> DATA FOR THIS TASK:

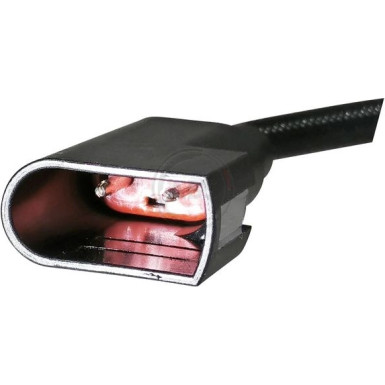 A.B.S. Verschleißsensor 39669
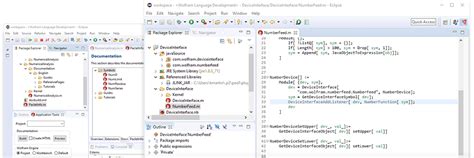 Image result for Programming Tools for Mathematics Mathematica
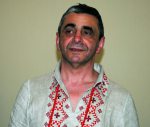 Leanid Kulakou detained and released again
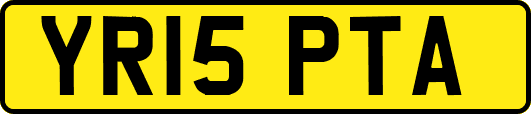 YR15PTA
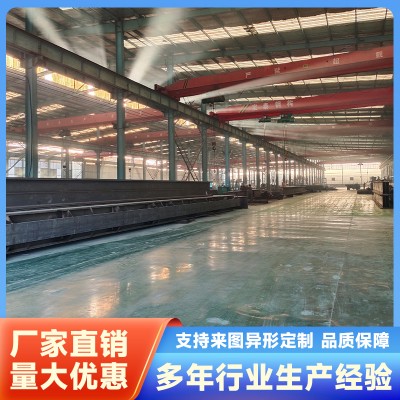 成安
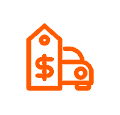 Melhores Condições para comprar seu veículo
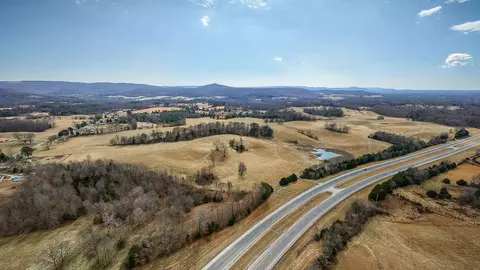 View/Area - 0 Caney Fork Rd, Quebeck, TN 38579 photo 1 of 6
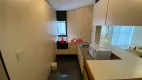 Foto 11 de Flat com 1 Quarto para alugar, 48m² em Campo Belo, São Paulo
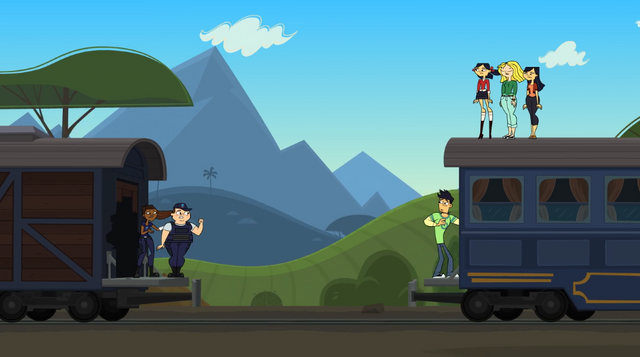 File:Screenshot 2015-10-07-10-35-56-1.png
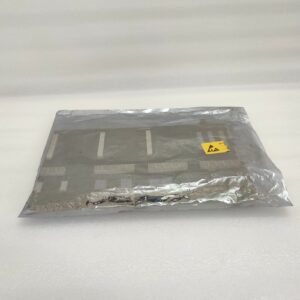 NOR CONTROL AUTOMATION NA1008 OPERATORS PANEL HA220447-A/A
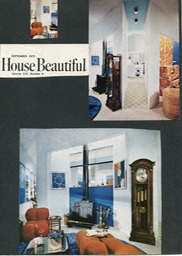 1973.9 House Beautiful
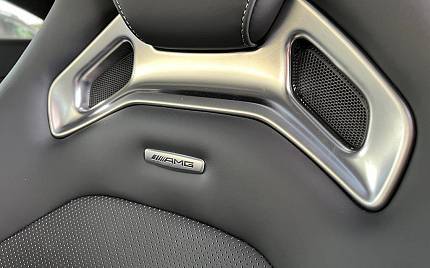 фото объект - фото 41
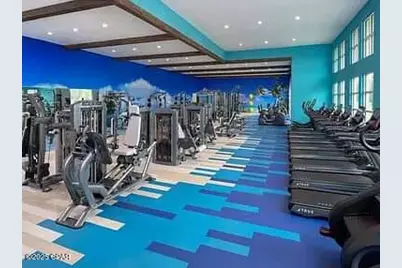 9431 Paradise Drive, Panama City Beach, FL 32413 - Photo 51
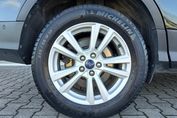 Ford Kuga 1.5 EcoBoost FWD Edition ASS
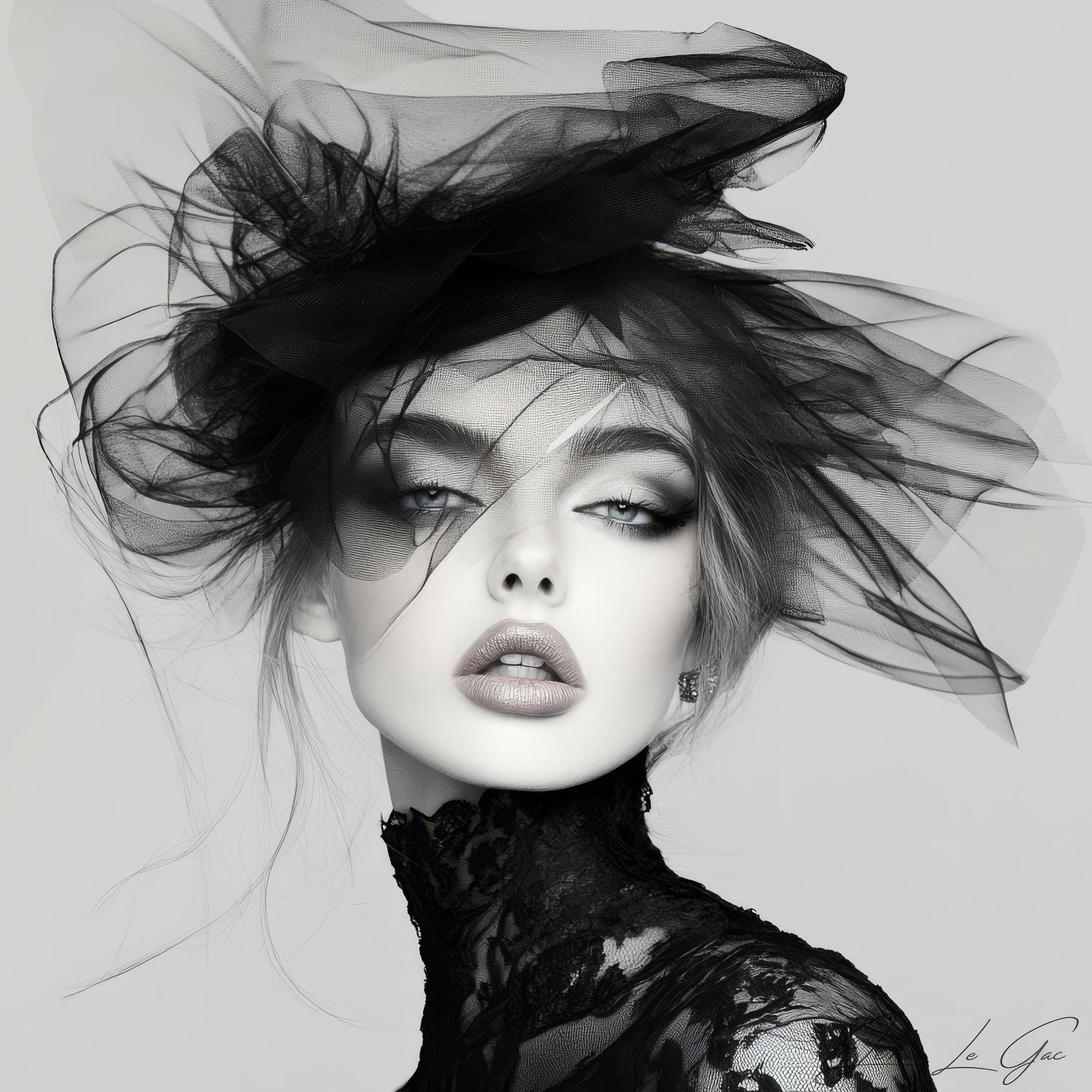 The Elegance of Obscurity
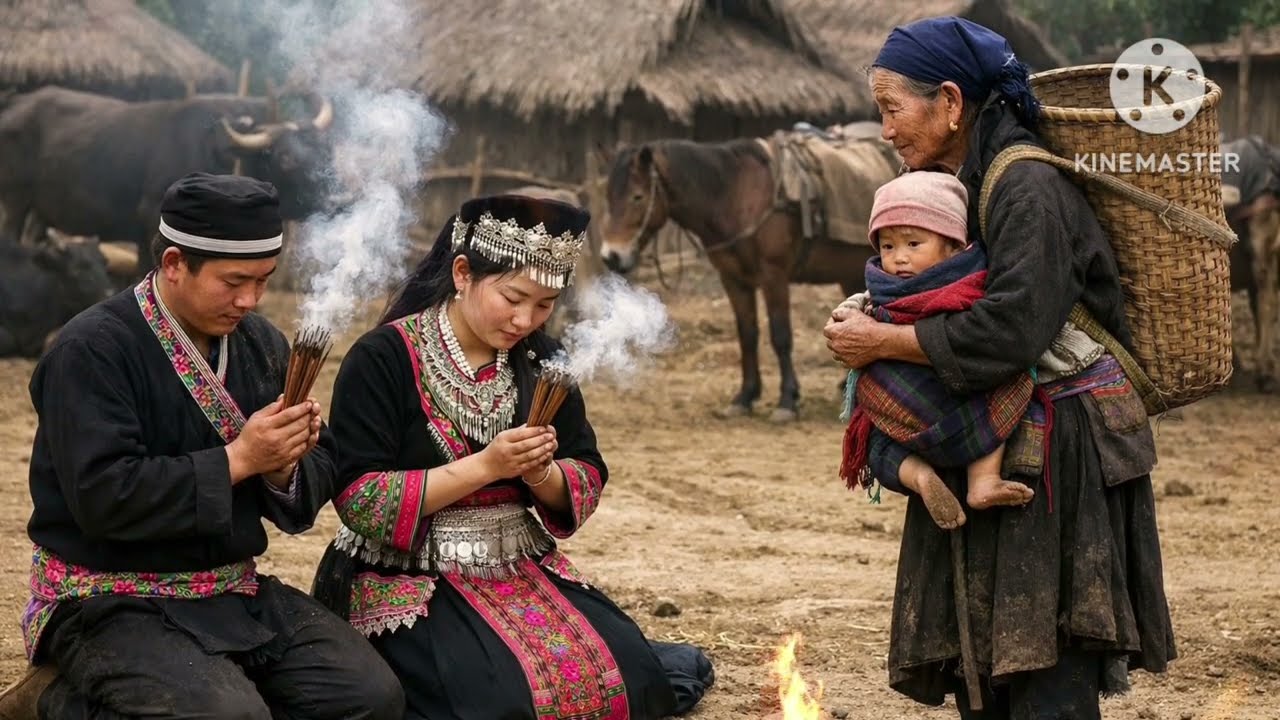 Txoj Kev Muab Nyiaj Cuav Dag Luag   4.3.2026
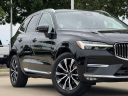 Thumbnail image of 2023 Volvo XC60 at New - StonebriarChevy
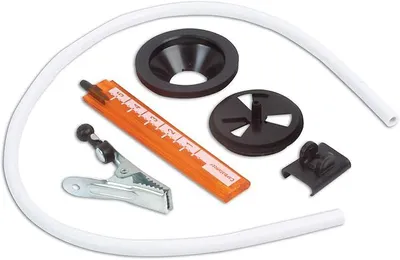 Image de G4053 G4053 Carburateur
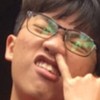 Hangten Lee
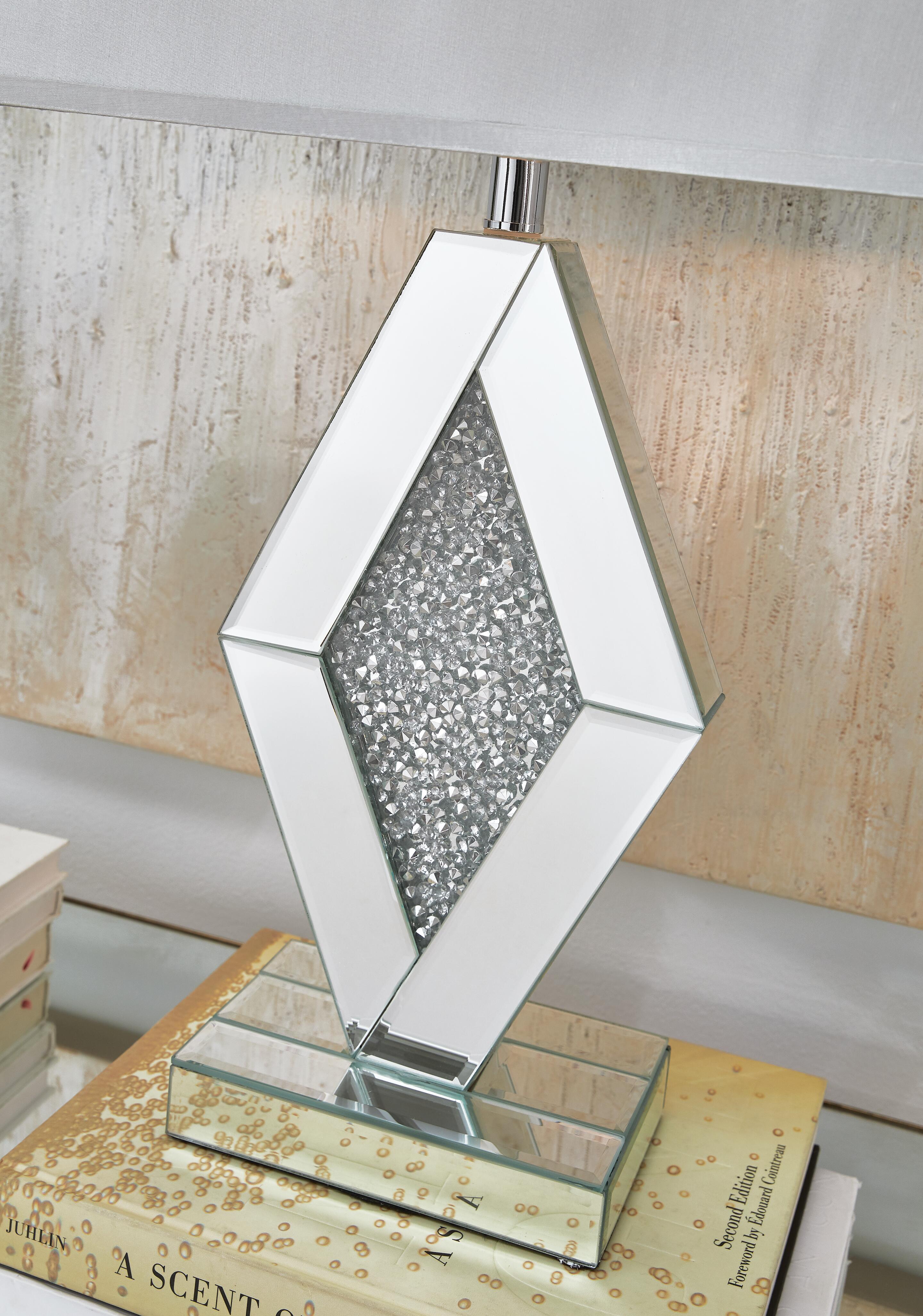 Prunella Table Lamp - image 3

> TASK DETAILS: Pictures stay out. Print the lines of the records above exactly, from the first through the one with "View/Area - 0".

> EXERCISE OUTPUT:
 A.B.S. Verschleißsensor 39669
 Image result for Programming Tools for Mathematics Mathematica
 Leanid Kulakou detained and released again
 YR15PTA
 成安
 Melhores Condições para comprar seu veículo
 View/Area - 0 Caney Fork Rd, Quebeck, TN 38579 photo 1 of 6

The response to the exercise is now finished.